Duke Nukem Forever was—beyond the poetic schaudenfreude of a game whose inclusion of "Forever" in the title seemed to indicate how long it would be in development—a critical and commercial failure that probably should have sunk along with original developer 3D Realms which went out of business in 2009. However, Gearbox purchased the game and finished it, giving the world a chance to see just what a 14-year development cycle could generate. It may not have been the worst bet, since the name still has brand recognition, and Gearbox may be able to create newer, more cohesive titles in the brand.
Games that are canceled outright or let go by studios, but have potential, are often bought and salvaged by other developers or studios.
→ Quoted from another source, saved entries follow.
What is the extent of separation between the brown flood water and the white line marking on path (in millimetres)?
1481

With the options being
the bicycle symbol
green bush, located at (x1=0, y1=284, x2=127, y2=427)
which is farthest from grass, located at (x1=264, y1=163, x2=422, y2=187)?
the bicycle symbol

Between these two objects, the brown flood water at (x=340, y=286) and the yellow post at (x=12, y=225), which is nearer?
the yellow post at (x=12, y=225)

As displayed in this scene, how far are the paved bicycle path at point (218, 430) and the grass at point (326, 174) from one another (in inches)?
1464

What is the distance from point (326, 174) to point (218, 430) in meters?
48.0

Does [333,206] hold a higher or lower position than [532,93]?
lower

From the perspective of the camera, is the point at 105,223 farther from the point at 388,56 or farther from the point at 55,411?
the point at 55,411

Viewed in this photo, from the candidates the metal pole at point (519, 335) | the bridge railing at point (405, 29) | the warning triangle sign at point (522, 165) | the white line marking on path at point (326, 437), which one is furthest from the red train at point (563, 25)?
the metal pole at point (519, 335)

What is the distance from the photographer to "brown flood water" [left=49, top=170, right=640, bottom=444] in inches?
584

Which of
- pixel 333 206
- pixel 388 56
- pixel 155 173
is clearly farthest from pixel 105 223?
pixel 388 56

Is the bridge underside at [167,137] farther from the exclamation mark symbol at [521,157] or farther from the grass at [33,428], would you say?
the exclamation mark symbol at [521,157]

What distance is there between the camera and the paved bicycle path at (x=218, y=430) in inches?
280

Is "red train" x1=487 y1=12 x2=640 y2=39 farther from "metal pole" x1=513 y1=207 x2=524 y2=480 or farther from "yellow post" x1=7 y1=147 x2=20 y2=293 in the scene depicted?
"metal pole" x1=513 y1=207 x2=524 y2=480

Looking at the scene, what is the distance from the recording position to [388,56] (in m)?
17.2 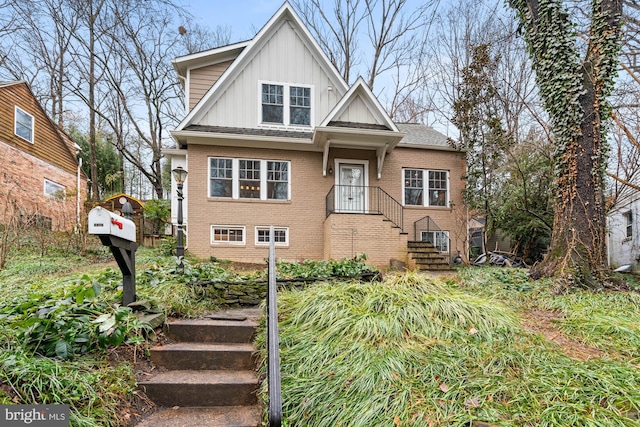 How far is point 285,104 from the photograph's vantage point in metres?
11.4

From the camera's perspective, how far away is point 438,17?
17156mm

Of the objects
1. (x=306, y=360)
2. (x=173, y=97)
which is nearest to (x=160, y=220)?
(x=173, y=97)

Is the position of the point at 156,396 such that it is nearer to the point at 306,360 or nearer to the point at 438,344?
the point at 306,360

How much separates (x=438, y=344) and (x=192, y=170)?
9.30 m

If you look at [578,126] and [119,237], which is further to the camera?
[578,126]

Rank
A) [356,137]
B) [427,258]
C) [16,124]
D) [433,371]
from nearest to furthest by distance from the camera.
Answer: [433,371]
[427,258]
[356,137]
[16,124]

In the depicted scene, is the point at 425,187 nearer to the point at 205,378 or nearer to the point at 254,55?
the point at 254,55

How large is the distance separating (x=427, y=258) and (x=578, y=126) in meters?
4.97

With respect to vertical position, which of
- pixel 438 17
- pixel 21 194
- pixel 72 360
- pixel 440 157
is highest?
pixel 438 17

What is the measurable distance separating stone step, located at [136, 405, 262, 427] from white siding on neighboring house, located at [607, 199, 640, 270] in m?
14.3

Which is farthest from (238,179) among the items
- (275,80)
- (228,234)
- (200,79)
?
(200,79)

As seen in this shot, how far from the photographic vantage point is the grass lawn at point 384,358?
225cm

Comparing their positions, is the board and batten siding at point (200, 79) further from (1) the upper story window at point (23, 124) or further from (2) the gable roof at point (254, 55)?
(1) the upper story window at point (23, 124)

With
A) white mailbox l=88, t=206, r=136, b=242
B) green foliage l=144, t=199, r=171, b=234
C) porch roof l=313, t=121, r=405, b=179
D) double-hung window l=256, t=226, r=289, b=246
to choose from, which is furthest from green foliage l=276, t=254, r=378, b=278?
green foliage l=144, t=199, r=171, b=234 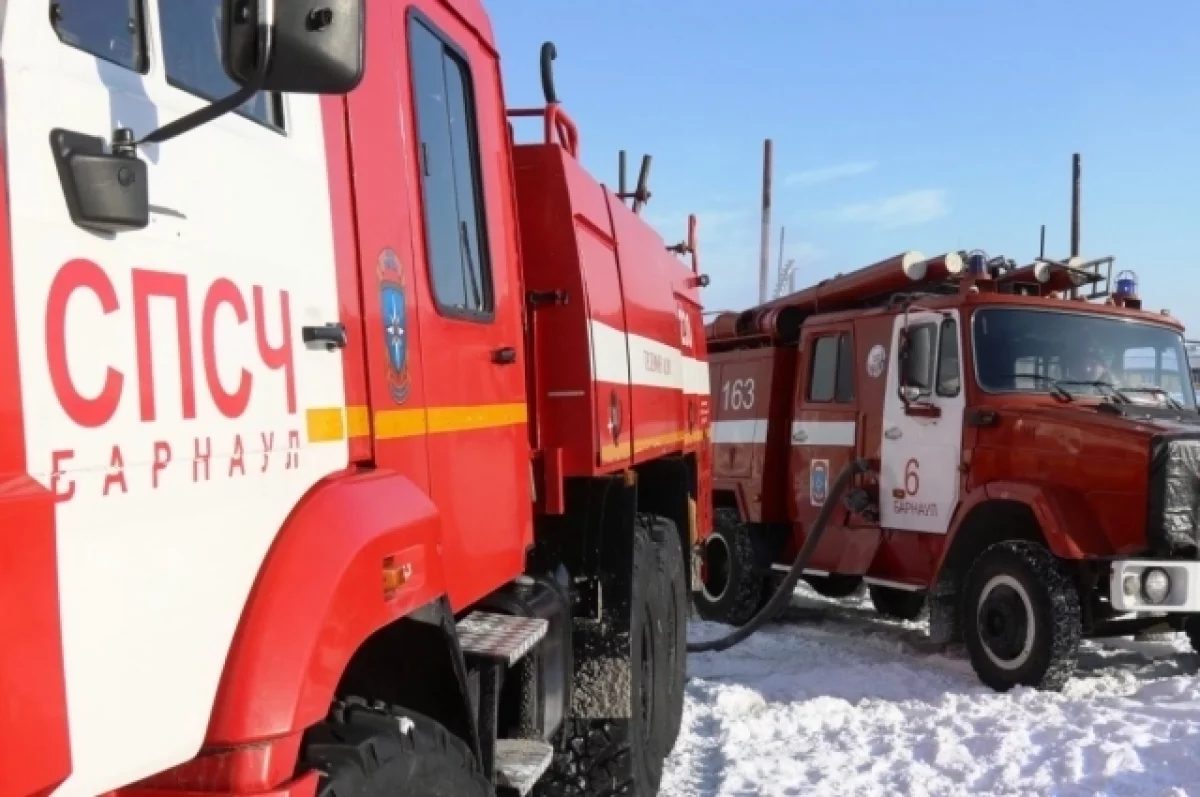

When THQ folded, for instance, the more promising properties in development (South Park: The Stick of Truth, Saints Row IV, etc) were bought by other publishers, while other IPs and franchises (Darksiders just barely squeaked in at Nordic games) are abandoned. There were rumors that EA was potentially going to purchase Star Wars 1313, and LucasArts other Star Wars games in development, but clearly they passed and decided instead on internal development, farming out Battlefront to DICE and other game concepts to Bioware and Visceral. It's worth suggesting that they may have made the right decision based on what was there.
Games that are canceled, whether for financial, political, or executive decisions, remain in an unfinished state. Regardless of talent or the excellence of the work that has been put into them, what we see is never indicative of a completed project. What we as the gaming public are allowed to see are only the best fragments of that unfinished development, the gems that shined the brightest. But these gems do not represent what the finished game would be, and might not even have ended up included in the title.
It's probably best, in cases where games have been canceled and remain un-rescued, to recognize that we are often seeing the best of what could be salvaged from a sinking ship. Those concept designs and gameplay videos are whatever valuables could be carried off. What we never see is the hull that rotted through, causing the ship to settle deep beneath the detectable horizon.